Lepine says that since edibles have been introduced into the legal market, he’s seen an increase in older cannabis customers.
FSJ Hive Cannabis manager Christine O’Keefe also believes that communication is the key to combating the stigma associated with cannabis use.
“I’ve seen people who’ve never smoked in their entire life come in and mostly go for like CBD products or a drink or something like that,” said O’Keefe
“I think what continues to just get rid of the stigma is a lot of communication, talking with people, having them come in and see that it’s a really nice clean area comfortable to be in, and then just talk with them about it,” she continued.
O’Keefe also believes that some of the newer cannabis products help as well.
“A lot of the new products help.
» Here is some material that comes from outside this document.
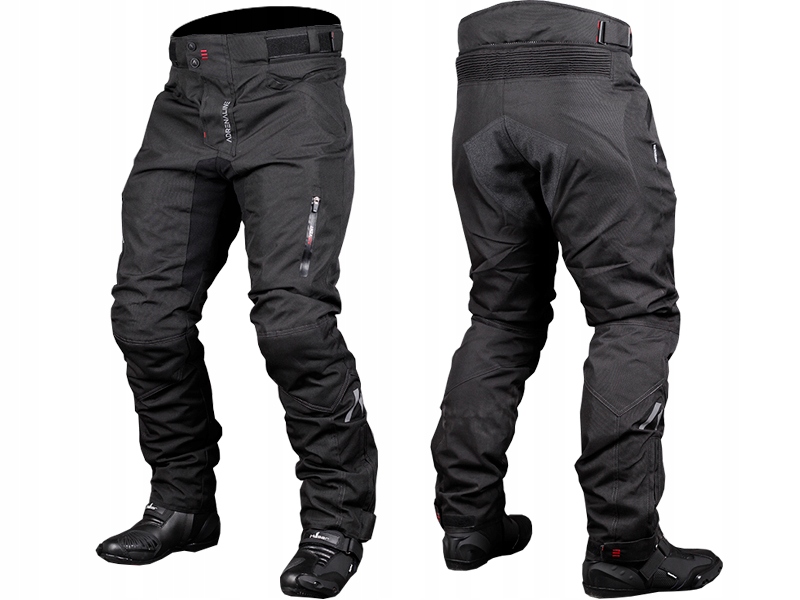 Textilné motocyklové nohavice Adrenaline Soldier čierne veľ. 4XL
Like drinks and bath bombs and stuff, people see that come out on the market. They’re like, Oh, well, this can’t be too crazy if it’s a bath bomb.”
According to heretohelp.bc.ca, many individuals in BC use cannabis recreationally, medically, socially or to improve their overall quality of life.
A 2020 survey by Health Canada found that 27 per cent of Canadians have used cannabis in the past year.
Despite its legalization over three years ago, the stigma surrounding cannabis use remains.
A separate study from UBC found that those who use medical cannabis are often thought of as irresponsible “potheads” by many people, such as friends, family, and healthcare providers.
Cannabis was legalized in B.C. on October 17th, 2018, and the first cannabis store in Fort St John, Cannabis Corner, opened on October 11th, 2019, almost a year after legalization. This delay was caused by a backlog of license applications in British Columbia.